Records supplied Start Marker
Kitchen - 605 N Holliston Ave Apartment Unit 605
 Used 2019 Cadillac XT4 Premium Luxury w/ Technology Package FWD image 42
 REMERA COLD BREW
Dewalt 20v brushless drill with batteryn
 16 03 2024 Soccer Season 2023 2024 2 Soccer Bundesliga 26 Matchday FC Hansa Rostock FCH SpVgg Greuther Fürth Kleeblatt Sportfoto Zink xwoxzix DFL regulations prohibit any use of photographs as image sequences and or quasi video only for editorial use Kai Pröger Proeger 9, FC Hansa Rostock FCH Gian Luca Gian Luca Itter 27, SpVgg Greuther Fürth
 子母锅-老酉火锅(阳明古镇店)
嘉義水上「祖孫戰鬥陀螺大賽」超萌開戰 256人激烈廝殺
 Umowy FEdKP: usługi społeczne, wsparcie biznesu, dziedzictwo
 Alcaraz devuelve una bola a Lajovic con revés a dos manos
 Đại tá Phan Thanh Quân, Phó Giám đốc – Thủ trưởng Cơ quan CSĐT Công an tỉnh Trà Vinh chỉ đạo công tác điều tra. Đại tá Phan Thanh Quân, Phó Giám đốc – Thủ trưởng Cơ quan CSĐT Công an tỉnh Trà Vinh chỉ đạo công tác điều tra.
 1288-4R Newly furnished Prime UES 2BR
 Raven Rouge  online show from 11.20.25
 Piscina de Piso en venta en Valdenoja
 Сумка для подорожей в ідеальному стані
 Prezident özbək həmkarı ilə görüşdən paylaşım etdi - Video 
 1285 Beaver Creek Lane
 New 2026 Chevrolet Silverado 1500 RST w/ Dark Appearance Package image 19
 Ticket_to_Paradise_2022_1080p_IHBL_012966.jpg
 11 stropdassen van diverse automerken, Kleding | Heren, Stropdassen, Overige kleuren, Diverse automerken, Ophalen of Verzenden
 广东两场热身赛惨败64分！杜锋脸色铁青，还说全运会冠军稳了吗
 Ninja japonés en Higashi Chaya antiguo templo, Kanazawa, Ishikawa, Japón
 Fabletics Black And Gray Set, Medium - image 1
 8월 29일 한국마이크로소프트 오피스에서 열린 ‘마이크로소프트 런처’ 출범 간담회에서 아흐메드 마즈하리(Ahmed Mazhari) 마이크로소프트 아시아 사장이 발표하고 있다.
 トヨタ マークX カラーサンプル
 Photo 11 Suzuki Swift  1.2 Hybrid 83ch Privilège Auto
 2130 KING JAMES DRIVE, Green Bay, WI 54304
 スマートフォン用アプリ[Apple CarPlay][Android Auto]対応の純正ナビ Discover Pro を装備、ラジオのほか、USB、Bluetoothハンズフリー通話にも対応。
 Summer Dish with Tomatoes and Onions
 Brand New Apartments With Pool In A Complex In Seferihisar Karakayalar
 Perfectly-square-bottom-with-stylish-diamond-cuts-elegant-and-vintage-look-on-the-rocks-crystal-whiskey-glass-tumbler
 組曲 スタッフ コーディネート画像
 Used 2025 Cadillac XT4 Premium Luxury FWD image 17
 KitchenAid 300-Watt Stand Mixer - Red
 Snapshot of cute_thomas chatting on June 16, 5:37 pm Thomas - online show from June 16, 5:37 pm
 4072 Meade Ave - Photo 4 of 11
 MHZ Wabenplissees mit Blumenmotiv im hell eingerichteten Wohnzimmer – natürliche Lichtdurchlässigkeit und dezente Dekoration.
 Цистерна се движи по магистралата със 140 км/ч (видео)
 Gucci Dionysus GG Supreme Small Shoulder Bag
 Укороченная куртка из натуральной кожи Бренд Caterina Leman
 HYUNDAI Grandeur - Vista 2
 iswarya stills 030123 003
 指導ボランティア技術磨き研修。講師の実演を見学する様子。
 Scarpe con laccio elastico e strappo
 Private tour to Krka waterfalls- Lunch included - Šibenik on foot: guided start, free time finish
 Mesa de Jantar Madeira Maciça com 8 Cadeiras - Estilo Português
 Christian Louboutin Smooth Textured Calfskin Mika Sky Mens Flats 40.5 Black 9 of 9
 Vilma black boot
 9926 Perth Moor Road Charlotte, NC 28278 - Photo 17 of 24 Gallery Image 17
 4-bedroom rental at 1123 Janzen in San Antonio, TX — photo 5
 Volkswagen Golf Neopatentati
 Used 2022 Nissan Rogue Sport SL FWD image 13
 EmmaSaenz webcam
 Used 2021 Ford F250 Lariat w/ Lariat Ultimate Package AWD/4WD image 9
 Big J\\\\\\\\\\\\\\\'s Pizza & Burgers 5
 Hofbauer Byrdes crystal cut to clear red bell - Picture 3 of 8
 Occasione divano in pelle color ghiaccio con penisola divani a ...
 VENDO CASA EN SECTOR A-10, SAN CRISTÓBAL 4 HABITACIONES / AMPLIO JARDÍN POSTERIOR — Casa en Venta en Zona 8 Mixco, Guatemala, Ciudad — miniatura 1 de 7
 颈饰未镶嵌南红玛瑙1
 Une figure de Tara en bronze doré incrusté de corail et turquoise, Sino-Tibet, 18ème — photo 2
Records supplied End Marker
■ **Problem details**: Using the records above, set down exactly the lines from the one with "Umowy FEdKP: usługi" through the one with "11 stropdassen van", inclusive, and nothing more.

■ **Output for this task**:
 Umowy FEdKP: usługi społeczne, wsparcie biznesu, dziedzictwo
 Alcaraz devuelve una bola a Lajovic con revés a dos manos
 Đại tá Phan Thanh Quân, Phó Giám đốc – Thủ trưởng Cơ quan CSĐT Công an tỉnh Trà Vinh chỉ đạo công tác điều tra. Đại tá Phan Thanh Quân, Phó Giám đốc – Thủ trưởng Cơ quan CSĐT Công an tỉnh Trà Vinh chỉ đạo công tác điều tra.
 1288-4R Newly furnished Prime UES 2BR
 Raven Rouge  online show from 11.20.25
 Piscina de Piso en venta en Valdenoja
 Сумка для подорожей в ідеальному стані
 Prezident özbək həmkarı ilə görüşdən paylaşım etdi - Video 
 1285 Beaver Creek Lane
 New 2026 Chevrolet Silverado 1500 RST w/ Dark Appearance Package image 19
 Ticket_to_Paradise_2022_1080p_IHBL_012966.jpg
 11 stropdassen van diverse automerken, Kleding | Heren, Stropdassen, Overige kleuren, Diverse automerken, Ophalen of Verzenden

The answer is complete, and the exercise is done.